Often, various UNIX flavors offer the same API from the point-of-view of compatibility with C/C++ source code, but they do not have the same ABI. e.g. Fields can be laid out differently, constants can have different numeric values, exports can be named differently, etc. There are not only differences between operating systems (Mac OS X vs. Ubuntu vs. FreeBSD), but also differences related to the underlying processor architecture (x64 vs. x86 vs. ARM).
This leaves us with a situation where we can't write portable P/Invoke declarations that will work on all flavors, and writing separate declarations per flavor is quite fragile and won't scale.
To address this, we're moving to a model where all UNIX interop from corefx starts with a P/Invoke to a C++ lib written specifically for corefx. These libs -- System.*.Native.so (aka "shims") -- are intended to be very thin layers over underlying platform libraries. Generally, they are not there to add any significant abstraction, but to create a stable ABI such that the same IL assembly can work across UNIX flavors.
Guidelines for shim C++ API:
- Keep them as "thin"/1:1 as possible.
- We want to write the majority of code in C#.
- Never skip the shim and P/Invoke directly to the underlying platform API. It's easy to assume something is safe/guaranteed when it isn't.
- Don't cheat and take advantage of coincidental agreement between one flavor's ABI and the shim's ABI.
- Use PascalCase in a style closer to Win32 than libc.
- If an export point has a 1:1 correspondence to the platform API, then name it after the platform API in PascalCase (e.g. stat -> Stat, fstat -> FStat).
- If an export is not 1:1, then spell things out as we typically would in CoreFX code (i.e. don't use abbreviations unless they come from the underlying API.
- At first, it seemed that we'd want to use 1:1 names throughout, but it turns out there are many cases where being strictly 1:1 isn't practical.
- In order to reduce the chance of collisions when linking with CoreRT, all exports should have a prefix that corresponds to the Libraries' name, e.g. "SystemNative_" or "CryptoNative_" to make the method name more unique.

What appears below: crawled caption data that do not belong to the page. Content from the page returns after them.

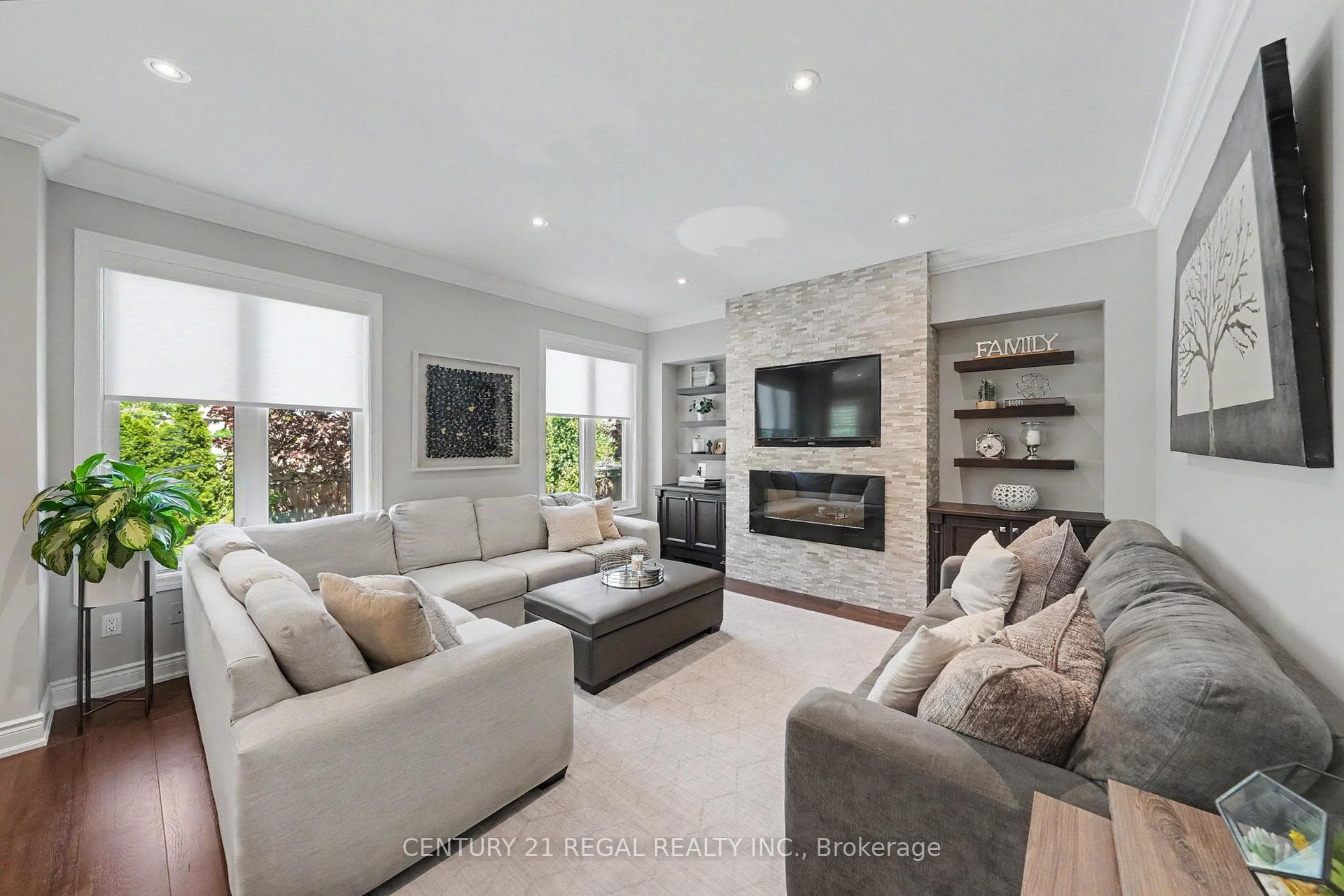 2260 Chickadee Crescent - Detached photo 9 of 47 in Oakville, Ontario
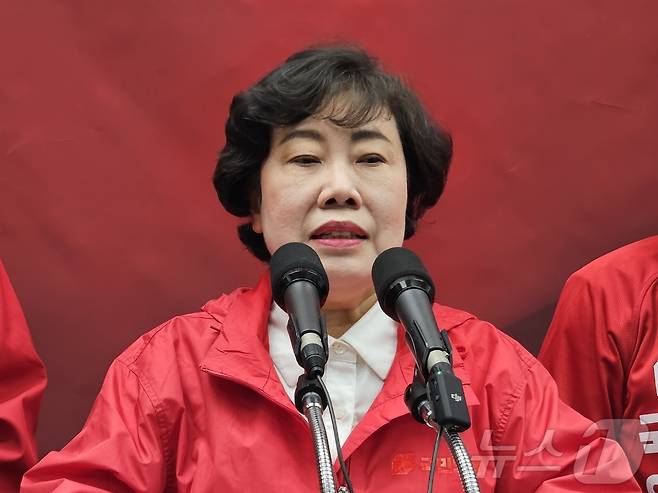 12일 조배숙 국민의힘 의원이 전북자치도의회 브리핑룸에서 기자회견을 갖고 김문수 후보 지지를 호소하고 있다.2025.5.12/뉴스1 ⓒ News1 김동규 기자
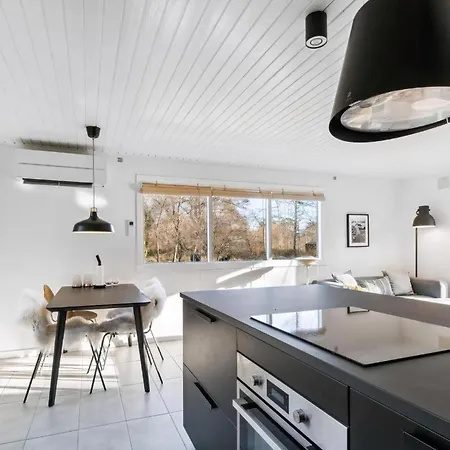 בית נופש Lovely Summer House With Bornholm Atmosphere *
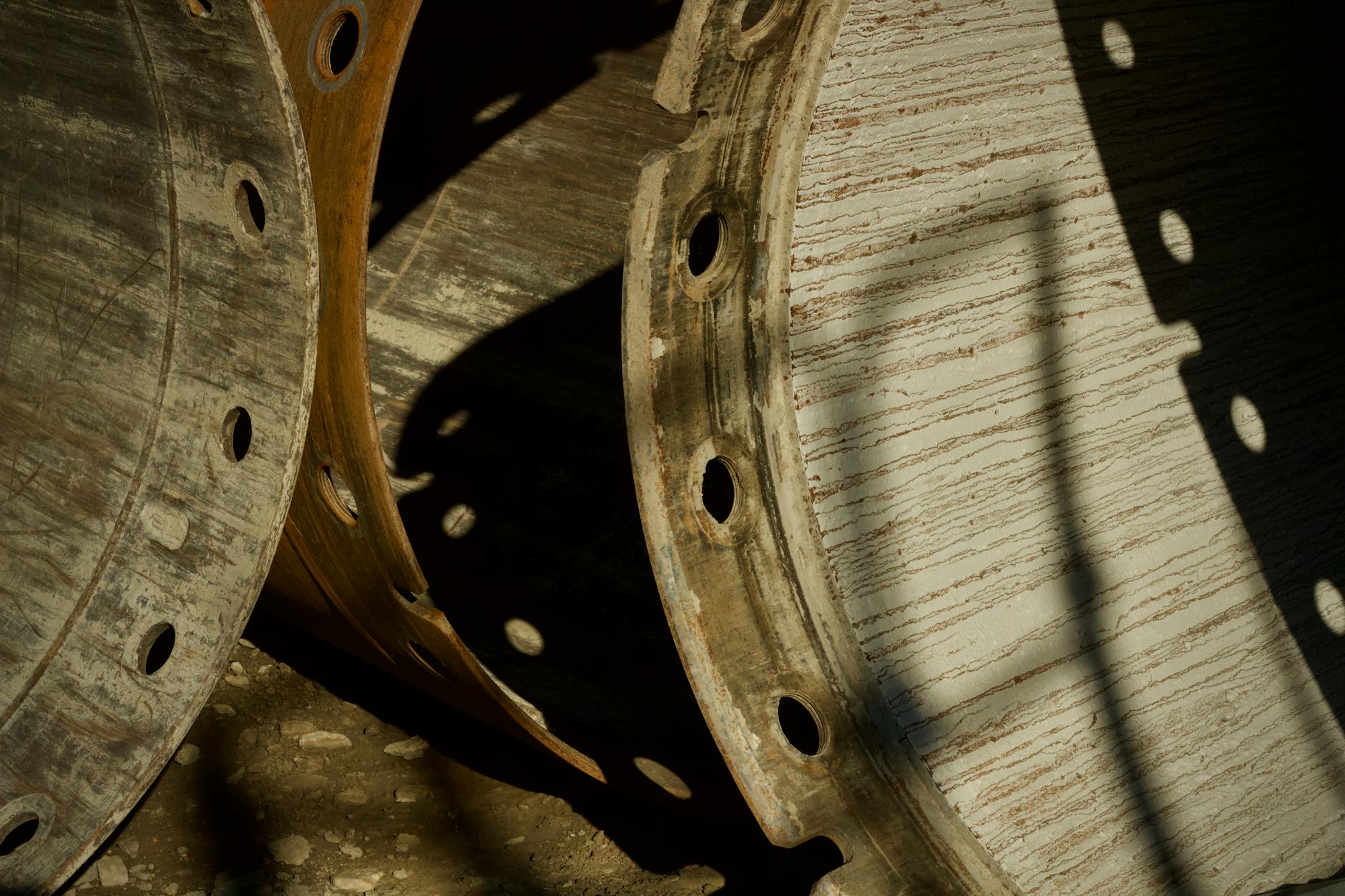 What Infrastructure Patterns Prevent API Collapse Under High Load?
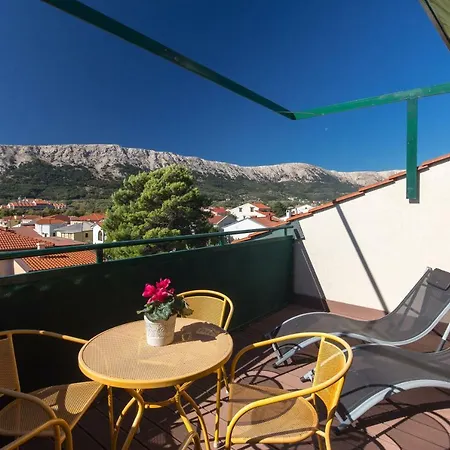 Apartments Ddd Baška Exteriör bild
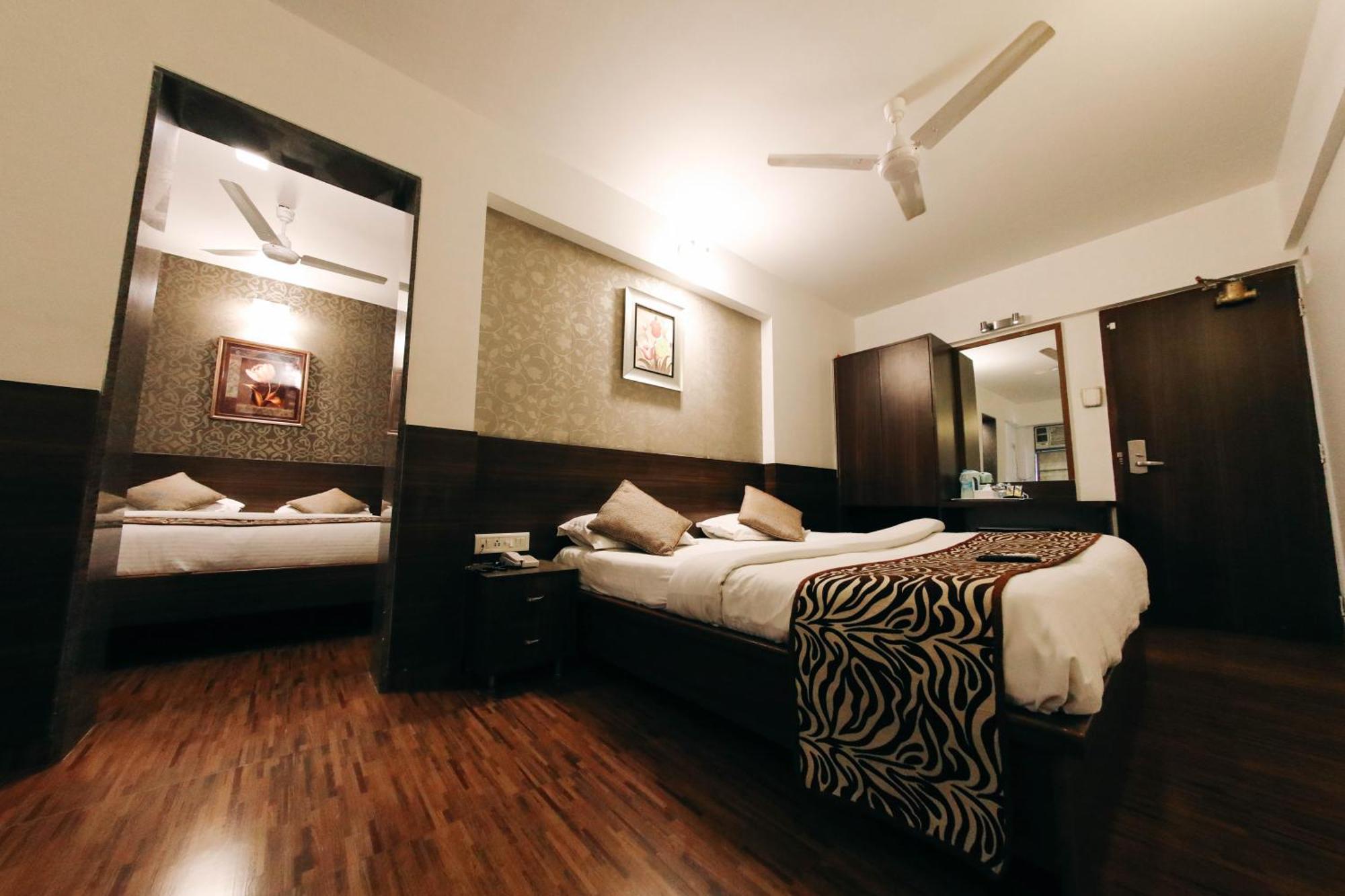 Hotel Maharana Inn Chembur Мумбаї Екстер'єр фото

See https://github.com/dotnet/corefx/issues/4818.
- Stick to data types which are guaranteed not to vary in size across flavors.
- Use int32_t, int64_t, etc. from stdint.h and not int, long, etc.
- Use char* for ASCII or UTF-8 strings and uint8_t* for byte buffers.
- Note that sizeof(char) == 1 is guaranteed.
- Do not use size_t in shim API. Always pick a fixed size. Often, it is most convenient to line up with the managed int as int32_t (e.g. scratch buffer size for read/write), but sometimes we need to handle huge sizes (e.g. memory mapped files) and therefore use uint64_t.
- Use int64_t for native off_t values.